■ **PROBLEM**:
The lines from the one containing "East Little Havana" through the last one in the data: please copy those exactly, and only those, without the pictures.

THE DATA START

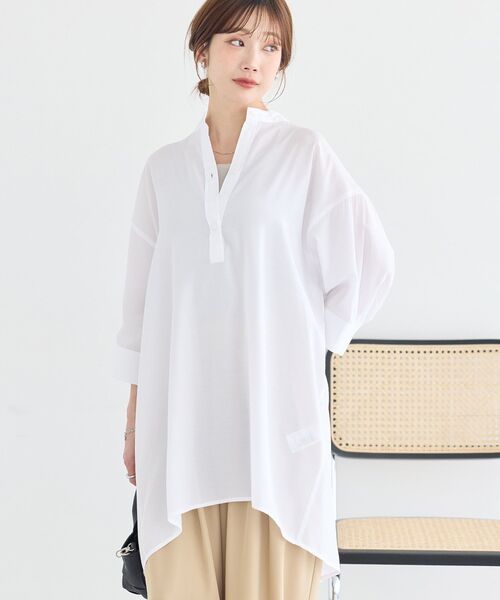 earth music&ecology(アースミュージックアンドエコロジー)の「スタンドカラーオーバーチュニックシャツ(シャツ/ブラウス・レディース・ベージュ/オフホワイト/サックスブルー・FREE)」の2枚目の写真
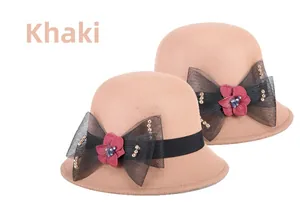 Détail d'un chapeau en feutre kaki avec nœud en résille noire et broderie florale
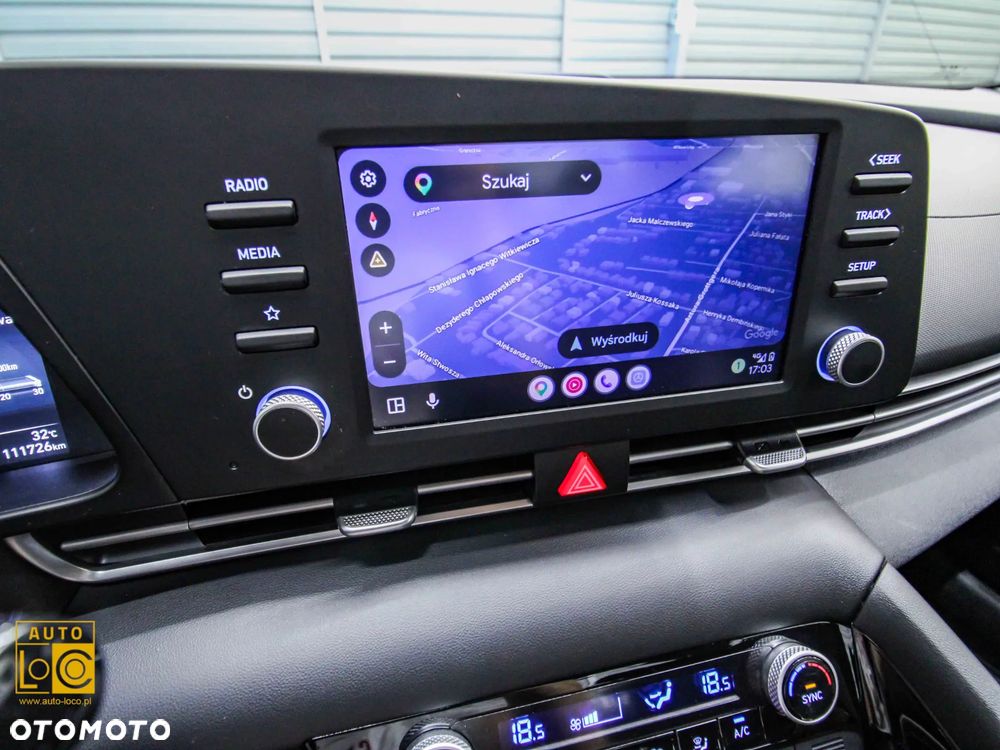 Hyundai Elantra 1.6 Executive CVT - 18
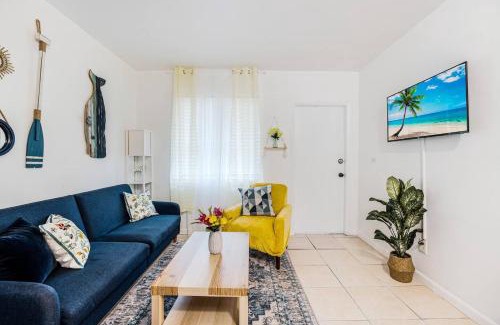 East Little Havana Apartment | Stylishly Decorated Miami 1 Bedroom Apartment for Families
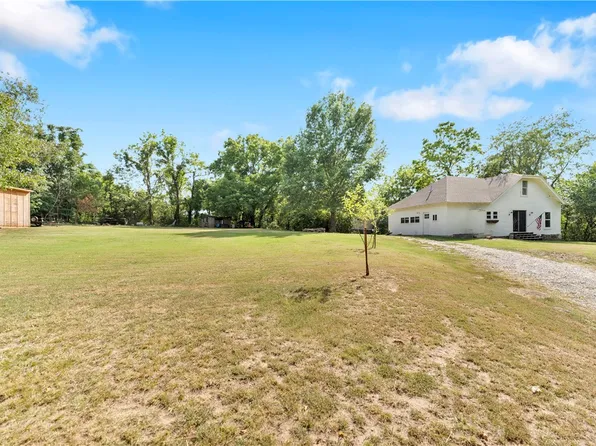 153 Amanda Pl, Huntsville, AR 72740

THE DATA END

■ **REPLY TO THE TASK**:
 East Little Havana Apartment | Stylishly Decorated Miami 1 Bedroom Apartment for Families
 153 Amanda Pl, Huntsville, AR 72740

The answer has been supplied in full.